DRICKER, Alice1, CESSNA, Iris1, CRIST, Ainsley1, HAYHOW, Claire1, LIVELY, Martin2, JIM, Rebecca2 and BRABANDER, Daniel1, (1)Department of Geosciences, Wellesley College, 106 Central St, Wellesley, MA 02481-8203, (2)Local Environmental Action Demanded Agency, 223 A St SE, Miami, OK 74354

At the Tar Creek Superfund Site in Ottawa County, Oklahoma, mine waste, colloquially known as chat, is currently being reworked as a source for aggregate material in asphalt. In order to fractionate the marketable, larger material that can be used in road construction, some of the finer grained chat with elevated levels of zinc, lead, and cadmium are transferred to an onsite repository for storage. This has resulted in the removal of layers of chat and underlying soils at varying rates and times throughout the past decade, exposing long-buried metals to the environment. We anticipate that secondary minerals are now more geomobile, causing increased transport within the watershed.

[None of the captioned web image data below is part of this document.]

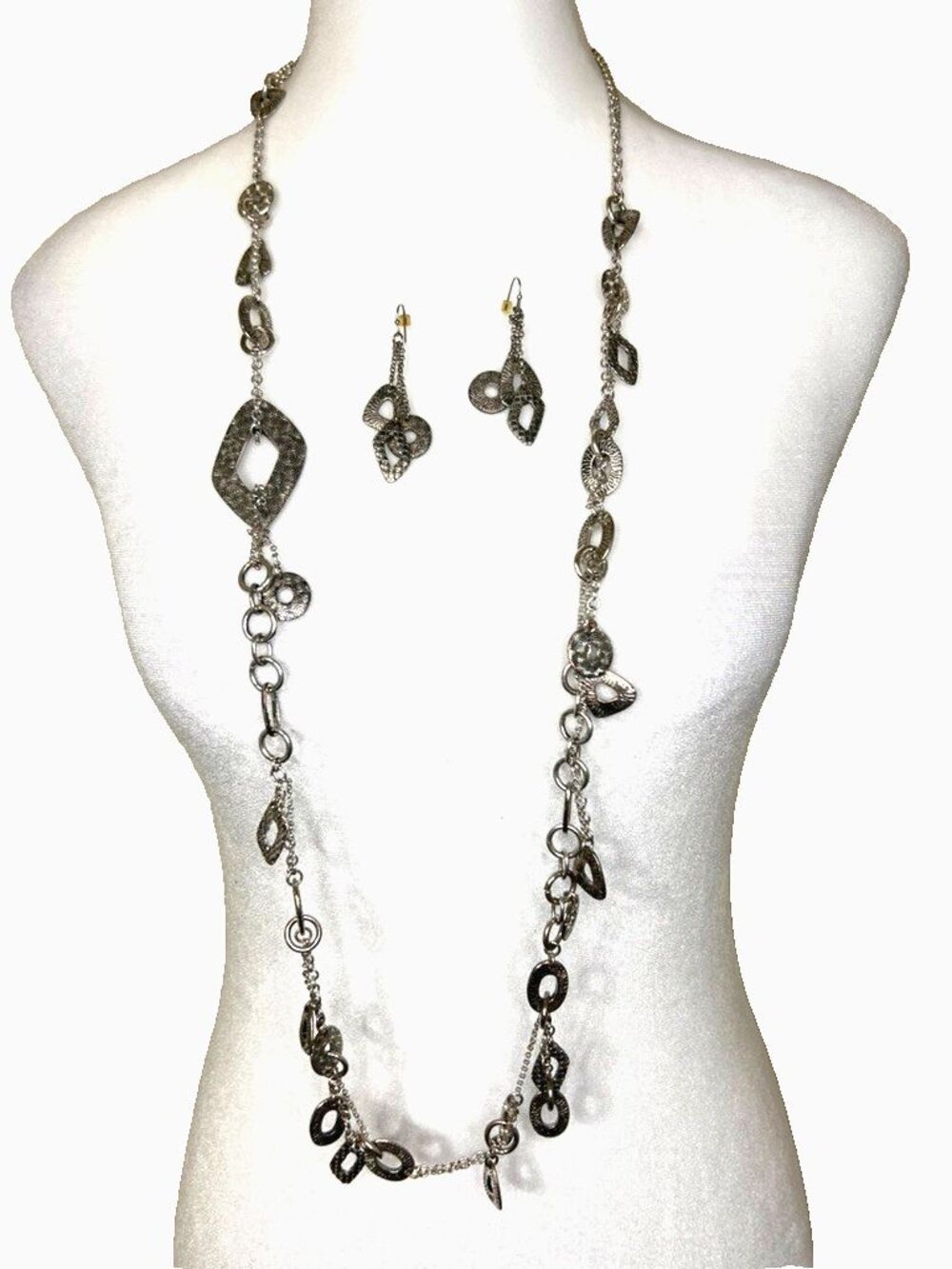 Chico's Collectable Silver Metal Long Pre-Owned. Necklace and Matching Earings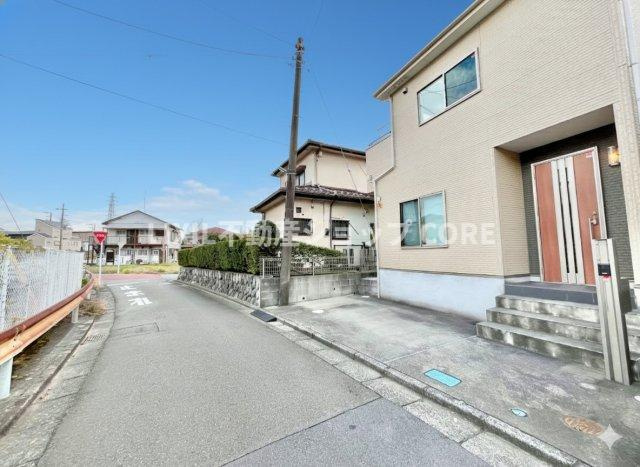 前面道路は閑静な住宅地をはしる車通りの少ない道路。お車の出し入れが苦手なママや小さなお子様にも安心　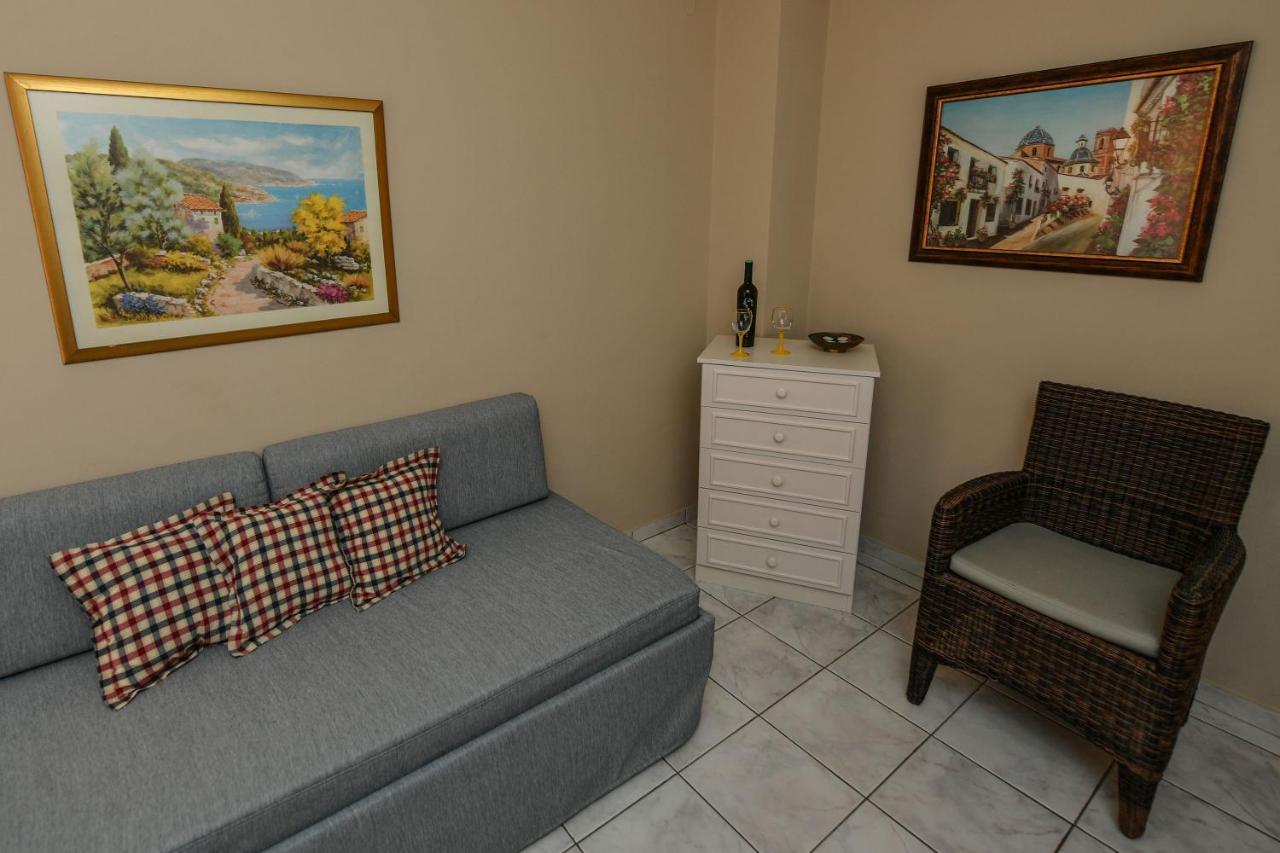 Lida Apartments Kalamata Dış mekan fotoğraf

To understand public health implications of reworked mine waste piles we partnered with local activists at the Local Environmental Action Demanded (LEAD) Agency and Quapaw Nation. We investigated the concentrations and geomobility of heavy metals such as lead, zinc, and cadmium of three chat piles at different stages of reworking including a partially removed chat pile, a base of a chat pile, and soil left underneath after the chat was removed. Additionally, we consider how heavy metal geochemical transformations may be expressed differently within these matrices in response to reworking.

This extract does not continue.